Saturday, September 12, 2009
What am I doing here , at home , when I'm supposed to be out with Kenny ? Haih . Family problem once again . Haven't seen my parents ever since that night ! To prove they're actually alive is that I still receive money everyday and my brother went out with them last night . They stopped calling me , they didn't even wait for me to wake up today to go for lunch , no one woke me up yesterday to go to school , my brother drove me to school yesterday . . . Hmm . They probably didn't know about my stomach problem and how I ended up spending the night at the Kuching Specialist Hospital last night . Feels like we're falling apart >_<
I had this really weird feeling yesterday morning when I woke up for school , at 6:30am . I felt so alone , like everyone in the house was just avoiding me and I felt really transparent . When I called my maid , she didn't response ! HAIH . Went to school feeling so depressed , feeling dead .

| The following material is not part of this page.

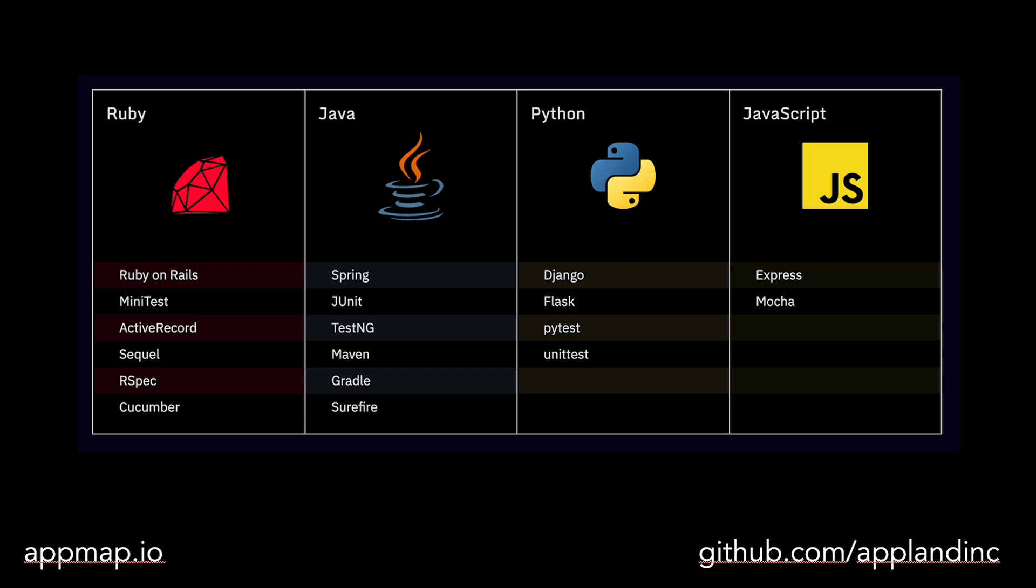AppMap works best with web applications and API frameworks such as Rails, Django, Flask, Express, and Spring. That's because we have specialized features for mapping web services, routing, HTTP client requests, caching, authentication, SQL, and others.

Didn't want to wake up this morning but a call from darling woke me up . At least I know I'm still cared by someone ! I woke up to find an empty house with only my maid and Ruffles . My brother's not home , his girlfriend went to work , my parents . . . still haven't seen them !
Maybe I should sleep through dinner tonight and have dinner alone . Maybe I AM having dinner alone tonight .
I need the three of you so badly . Kenny , Esther , Jen , where the fuck are you guys ? T_T
FML .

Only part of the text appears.